■ Input data:
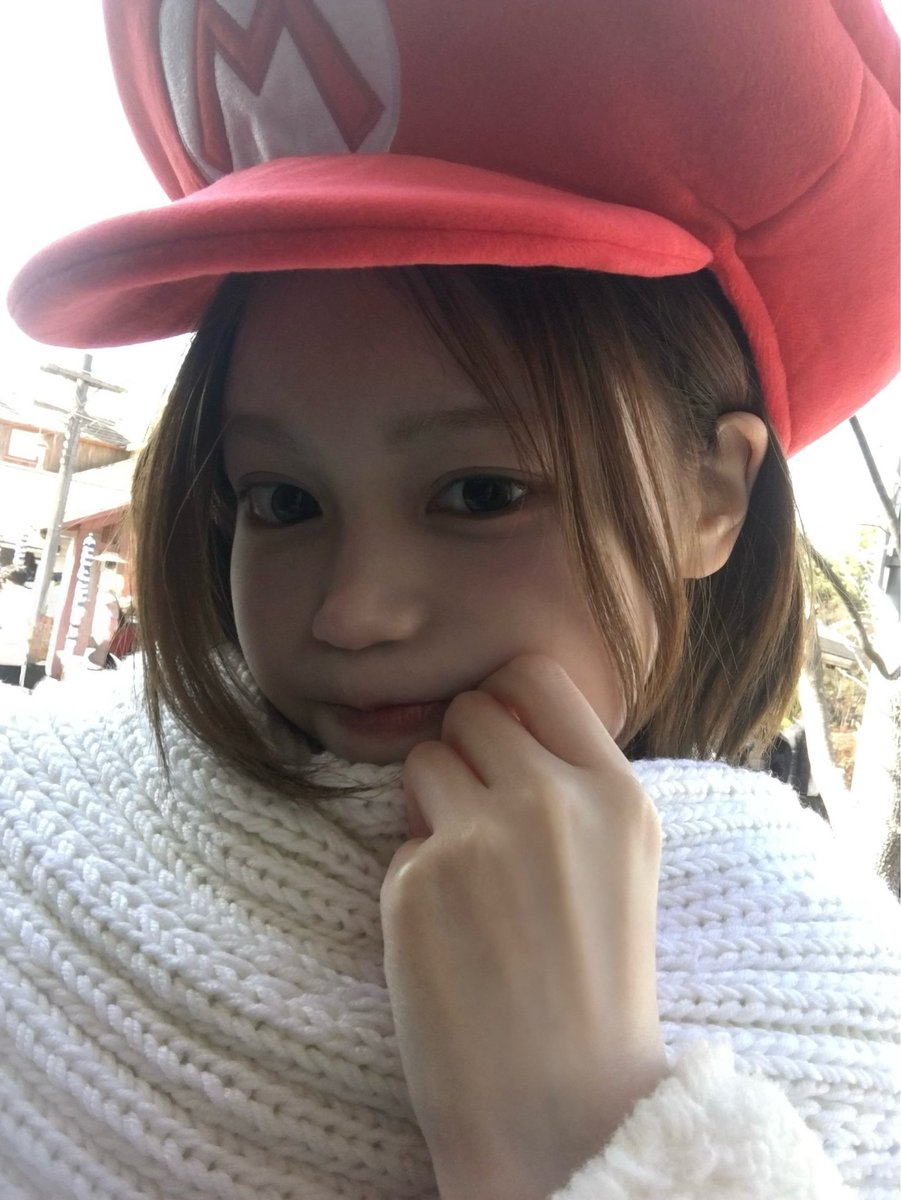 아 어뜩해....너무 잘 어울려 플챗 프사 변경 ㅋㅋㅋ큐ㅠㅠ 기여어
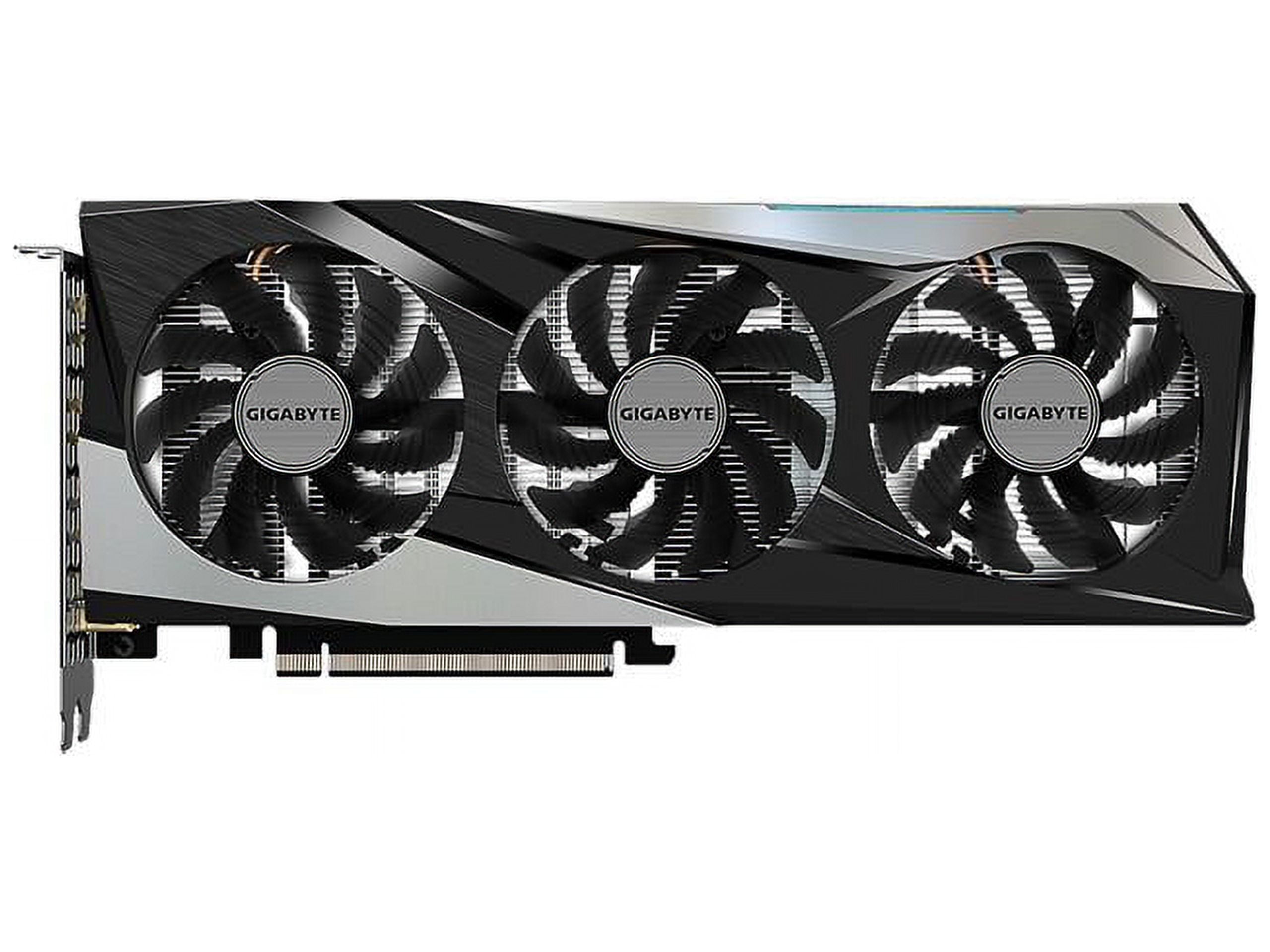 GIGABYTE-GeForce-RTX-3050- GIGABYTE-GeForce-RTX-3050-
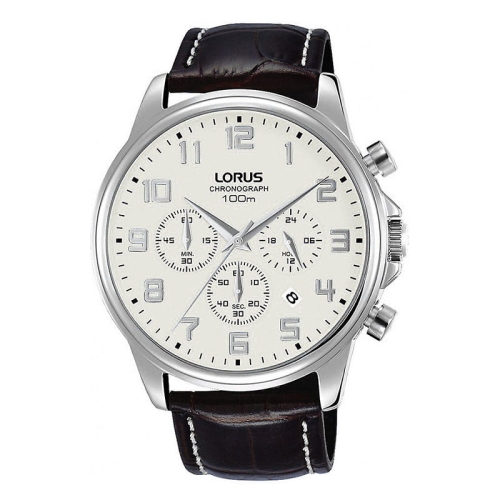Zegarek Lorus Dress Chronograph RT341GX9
...
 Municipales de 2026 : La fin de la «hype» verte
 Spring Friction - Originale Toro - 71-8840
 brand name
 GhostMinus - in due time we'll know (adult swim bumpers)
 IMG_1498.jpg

■ Your objective:
Within the data above, the span starting at the line containing "GhostMinus - in" and ending at the line containing "IMG_1498.jpg" is to be retyped exactly, with no other lines.

■ Written solution:
 GhostMinus - in due time we'll know (adult swim bumpers)
 IMG_1498.jpg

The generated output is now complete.